The Portuguese began colonizing the Madeira Islands (especially Madeira, La Palma, Hierro, and Porto Santo, c. 768 square kilometers) in the early 1420s; the nine islands of the Azores (c. 2,300 square kilometers) in the 1430s or 1440s; and the 10 principal islands of the Cape Verde Islands (c. 4,000 square kilometers), most importantly São Tomé and Principe, in the late 1400s. None of these islands were inhabited. This was not true of the seven Canary Islands (c. 7,300 square kilometers), which were inhabited by a group collectively known as the Guanches.

In the late 1300s, Castilians, Italians, French, and others launched slave-raiding expeditions on the Canaries. The Spanish formally incorporated the Canaries into their empire in 1496 after the subjugation of the islands’ natives, though nominal Castilian rule dated back to the early 1400s.
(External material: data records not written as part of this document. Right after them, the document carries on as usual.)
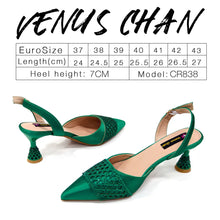 2025 New Elegant Nigerian Women’s Wine Colour Heeled Shoes and Rhinestone Handbag Set – Italian Design for Parties and Weddings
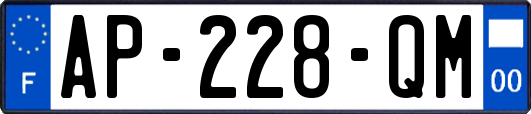 AP-228-QM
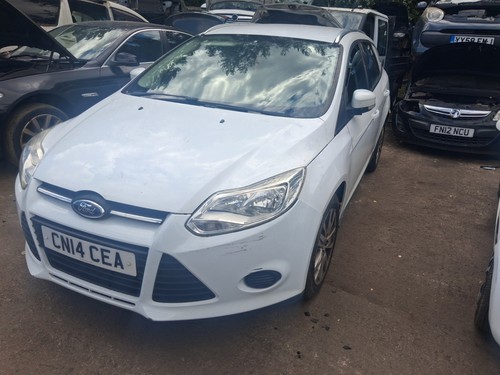 Ford focus mk3 2014 breaking - 2014,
Together these Atlantic islands provided the aggressively expansive empires of Spain and Portugal with “stepping stones” to the Americas for their nascent sugar and other tropical export industries.

Crucibles of empirical, hands-on experiments regarding all aspects of sugar production—from cultivation and harvest, to the importation and control of African slave labor, to the quasi-industrial processes by which cane juice was transformed into granular sugar—the Atlantic islands were crucial in the development of the technological know-how necessary for the explosion of sugar production in the Caribbean and Brazil in the 16th century and after.
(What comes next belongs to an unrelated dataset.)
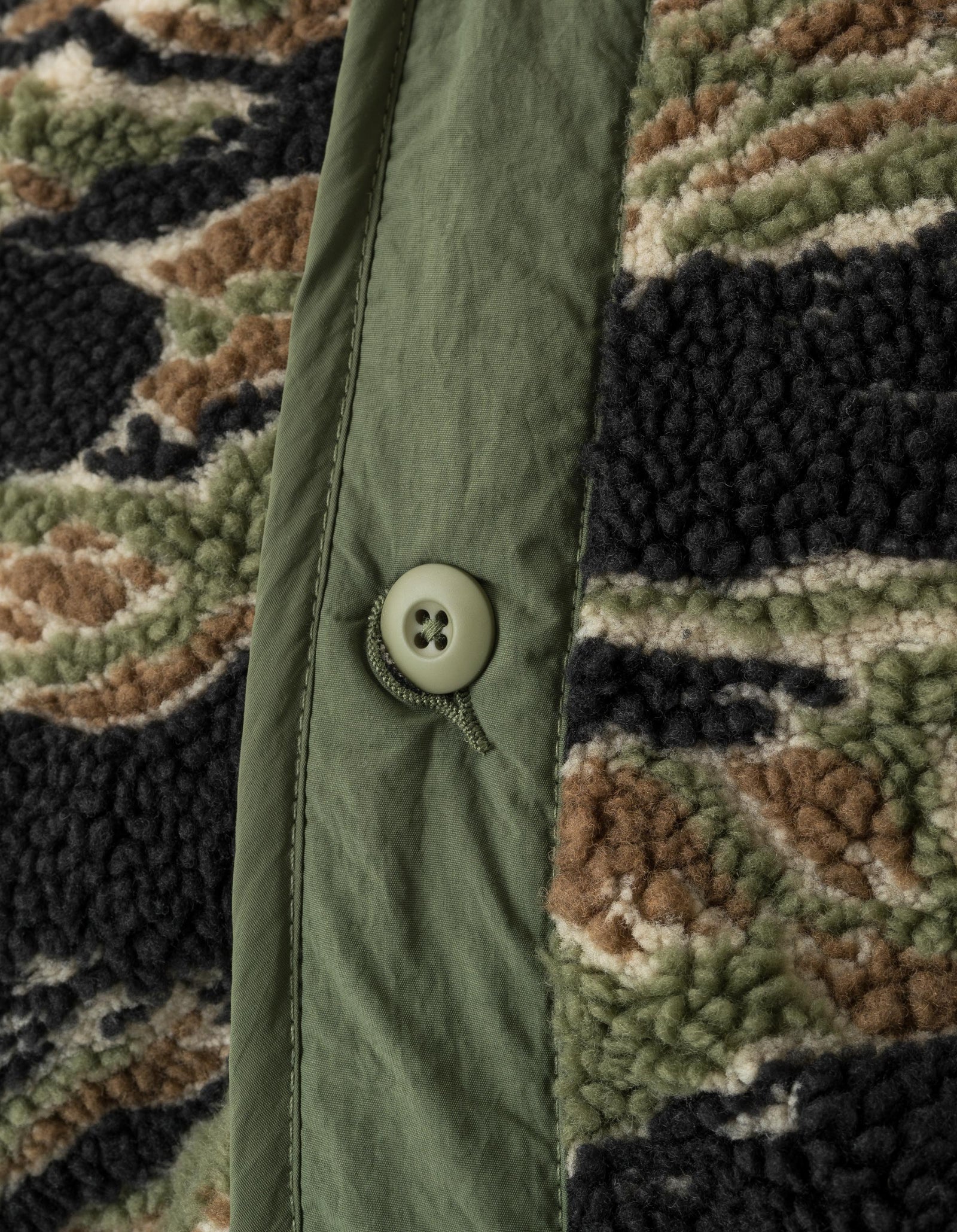 7107 ECWS Cordura® Fishtail Parka + Liner Coyote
By the late 1450s, sugar production on Madeira exceeded 70,000 kilograms, most exported to England and the Mediterranean, deepening markets and solidifying the financial and commercial networks that would later play a crucial role in the development of plantation-based export production in the Americas.

The administrative infrastructure that the Portuguese developed to rule Madeira, the Azores, and the Cape Verde Islands, based on hereditary “donatary captaincies,” were likewise transferred wholesale to Brazil during the first half-century of its colonization.

Plantation-based sugar production on Madeira in particular, based on both slave and free-wage labor, also whetted the European appetite for this luxury commodity, deepening demand just on the eve of the encounter with the Americas.

In addition both before and after sugar production had become established in the Americas, the Atlantic islands served as important way stations for the African slave trade and for long-distance trade with Asia.